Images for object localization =
■ ■ ■
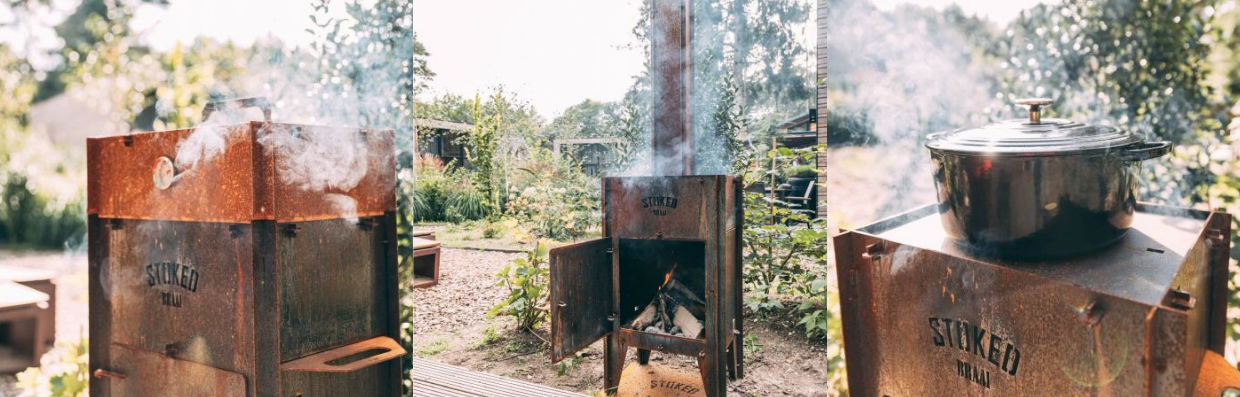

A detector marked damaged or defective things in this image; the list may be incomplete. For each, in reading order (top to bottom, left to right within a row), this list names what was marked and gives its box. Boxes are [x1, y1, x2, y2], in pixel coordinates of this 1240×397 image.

rusty metal fireplace [548, 176, 736, 396]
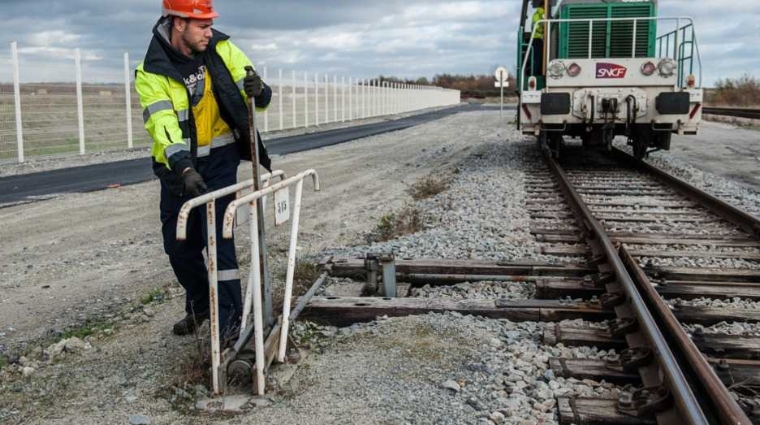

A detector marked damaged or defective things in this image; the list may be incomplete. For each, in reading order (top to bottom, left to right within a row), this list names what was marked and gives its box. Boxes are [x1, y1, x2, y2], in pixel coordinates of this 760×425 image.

rusted metal bracket [616, 386, 672, 420]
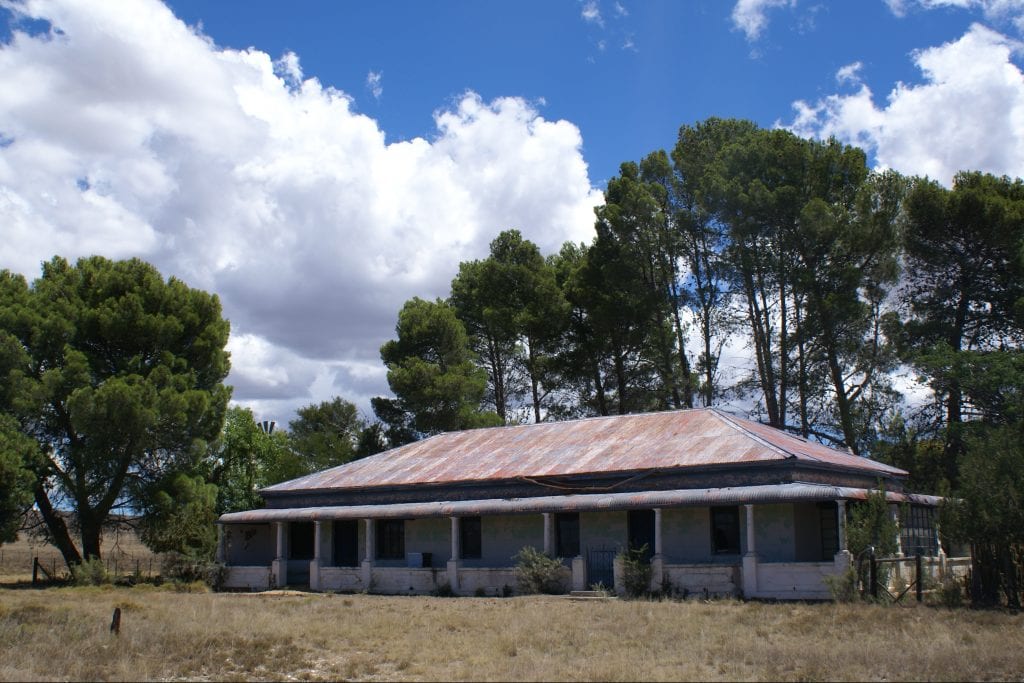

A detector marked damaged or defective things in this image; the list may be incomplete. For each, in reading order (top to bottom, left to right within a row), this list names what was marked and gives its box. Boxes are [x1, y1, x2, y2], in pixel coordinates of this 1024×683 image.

rusty corrugated roof [264, 408, 904, 494]
rusty corrugated roof [220, 480, 940, 524]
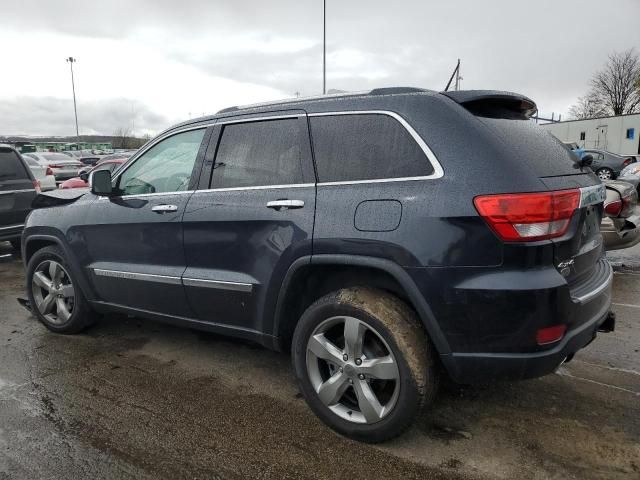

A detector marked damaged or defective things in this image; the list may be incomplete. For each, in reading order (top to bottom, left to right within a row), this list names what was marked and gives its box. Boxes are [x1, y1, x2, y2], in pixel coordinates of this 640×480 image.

damaged vehicle [18, 87, 616, 442]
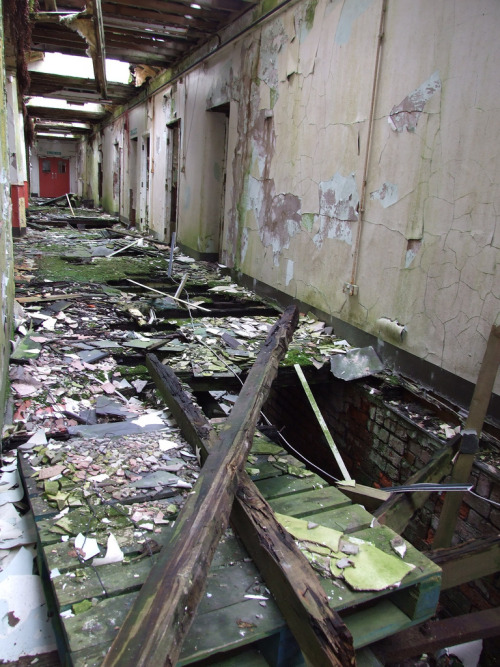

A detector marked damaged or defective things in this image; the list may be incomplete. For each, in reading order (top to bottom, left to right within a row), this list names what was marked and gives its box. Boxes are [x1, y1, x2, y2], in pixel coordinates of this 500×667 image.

peeling paint wall [87, 0, 500, 400]
cracked plaster wall [94, 0, 500, 396]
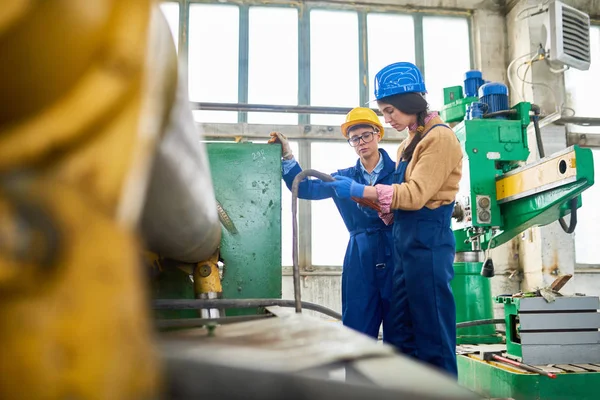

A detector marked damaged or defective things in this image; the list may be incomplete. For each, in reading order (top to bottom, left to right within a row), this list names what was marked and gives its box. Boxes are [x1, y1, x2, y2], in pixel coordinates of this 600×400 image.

rusty metal surface [161, 312, 394, 372]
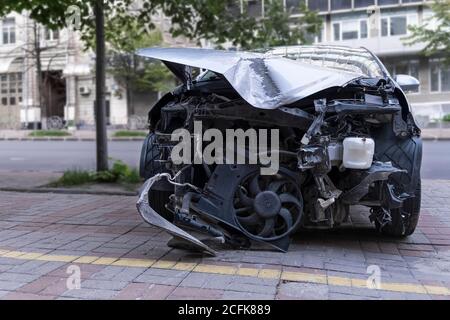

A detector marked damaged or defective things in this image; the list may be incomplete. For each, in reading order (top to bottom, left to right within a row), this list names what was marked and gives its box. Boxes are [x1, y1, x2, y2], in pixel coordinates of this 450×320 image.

crushed hood [136, 47, 362, 110]
bent metal [171, 120, 280, 175]
wrecked car [135, 45, 420, 255]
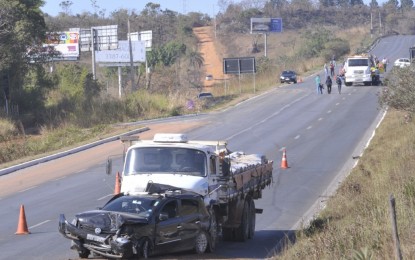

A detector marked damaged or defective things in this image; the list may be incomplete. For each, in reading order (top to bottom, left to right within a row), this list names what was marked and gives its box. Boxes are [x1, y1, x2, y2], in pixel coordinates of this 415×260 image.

crumpled front bumper [57, 214, 133, 258]
damaged black car [60, 190, 216, 258]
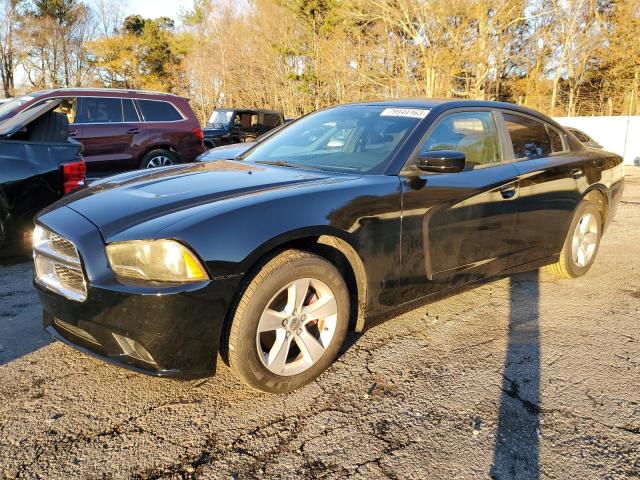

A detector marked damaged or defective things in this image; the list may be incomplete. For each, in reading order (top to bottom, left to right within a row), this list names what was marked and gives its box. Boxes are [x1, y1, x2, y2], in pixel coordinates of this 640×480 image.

cracked asphalt pavement [1, 167, 640, 478]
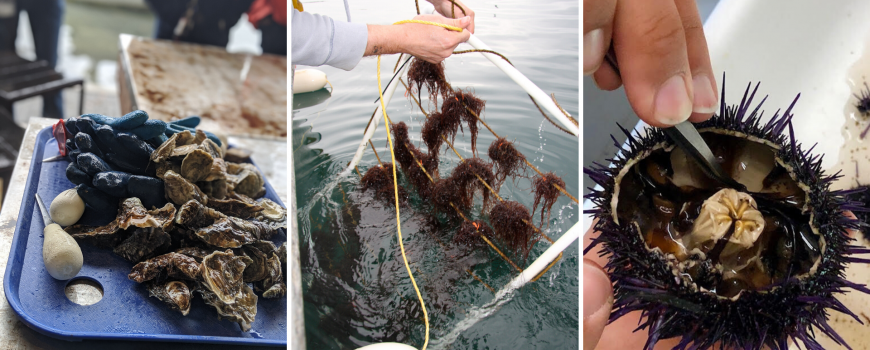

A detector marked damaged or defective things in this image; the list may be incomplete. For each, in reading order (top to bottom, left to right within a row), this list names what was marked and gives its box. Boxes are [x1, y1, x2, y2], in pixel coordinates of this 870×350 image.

rusty metal surface [0, 117, 290, 348]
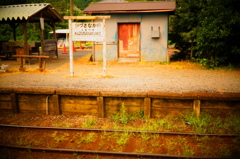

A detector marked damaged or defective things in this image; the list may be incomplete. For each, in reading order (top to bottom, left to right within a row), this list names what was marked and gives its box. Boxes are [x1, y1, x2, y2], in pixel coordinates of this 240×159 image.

rusty railway track [0, 124, 238, 159]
■ ■ ■
Required action =
Write out the data in full and exactly as given, though without the images.

Task response =
A detector marked damaged or defective things in this image; the list may be incomplete. For each, in reading order (top to bottom, left to right within a row), this list names what was marked and gives its box. Boxes are [x1, y1, x2, y2], in pixel coordinates of this 1240×397 image.

rusty metal fireplace [548, 176, 736, 396]

A detector marked damaged or defective things in this image; the list may be incomplete. For each, in reading order (top to bottom, left to right within a row), this list names what was marked and gives its box. Boxes are [x1, y1, x2, y2], in pixel coordinates of this 760×425 image.

rusted metal bracket [616, 386, 672, 420]

A detector marked damaged or defective things in this image; the list may be incomplete. For each, in reading order (top to bottom, left to right within a row), this list names what was marked and gives its box. Boxes are [x1, y1, x2, y2], in pixel coordinates of this 1024×683 image.

rusty corrugated roof [264, 408, 904, 494]
rusty corrugated roof [220, 480, 940, 524]

A detector marked damaged or defective things in this image; the list may be incomplete. For each, in reading order (top to bottom, left to right within a row), this list names what was marked and gives its box. Boxes are [x1, y1, x2, y2], in pixel coordinates of this 640×480 image.

damaged vehicle [18, 87, 616, 442]

A detector marked damaged or defective things in this image; the list may be incomplete. For each, in reading order (top to bottom, left to right within a row), this list names what was marked and gives its box. Boxes are [x1, y1, x2, y2], in pixel coordinates of this 500×667 image.

peeling paint wall [87, 0, 500, 400]
cracked plaster wall [94, 0, 500, 396]

A detector marked damaged or defective things in this image; the list may be incomplete. For each, in reading order (top to bottom, left to right within a row), this list names what was marked and gives its box. Boxes are [x1, y1, x2, y2], in pixel coordinates of this 600×400 image.

rusty metal surface [161, 312, 394, 372]

A detector marked damaged or defective things in this image; the list may be incomplete. For each, in reading order (top to bottom, left to right within a row), this list names what was marked and gives its box. Boxes are [x1, y1, x2, y2], in pixel coordinates of this 450×320 image.

crushed hood [136, 47, 362, 110]
bent metal [171, 120, 280, 175]
wrecked car [135, 45, 420, 255]

A detector marked damaged or defective things in this image; the list may be incomplete. For each, in reading order (top to bottom, left to right within a row), this list names what was marked and gives its box. Boxes are [x1, y1, x2, y2], in pixel coordinates of this 415×260 image.

crumpled front bumper [57, 214, 133, 258]
damaged black car [60, 190, 216, 258]

A detector marked damaged or defective things in this image; the list may be incomplete. For each, in reading order (top to bottom, left to right within a row), this list names what was marked and gives its box. Boxes are [x1, y1, x2, y2], in pixel coordinates of this 640×480 image.

cracked asphalt pavement [1, 167, 640, 478]

A detector marked damaged or defective things in this image; the list may be incomplete. For each, in reading order (top to bottom, left to right within a row), this list names what was marked and gives its box. Boxes are [x1, y1, x2, y2], in pixel coordinates of this 870×350 image.

rusty metal surface [0, 117, 290, 348]

A detector marked damaged or defective things in this image; the list may be incomplete. For each, in reading order (top to bottom, left to right within a row), this list names what was marked and gives its box. Boxes are [x1, y1, x2, y2], in pixel coordinates of this 240×159 image.

rusty railway track [0, 124, 238, 159]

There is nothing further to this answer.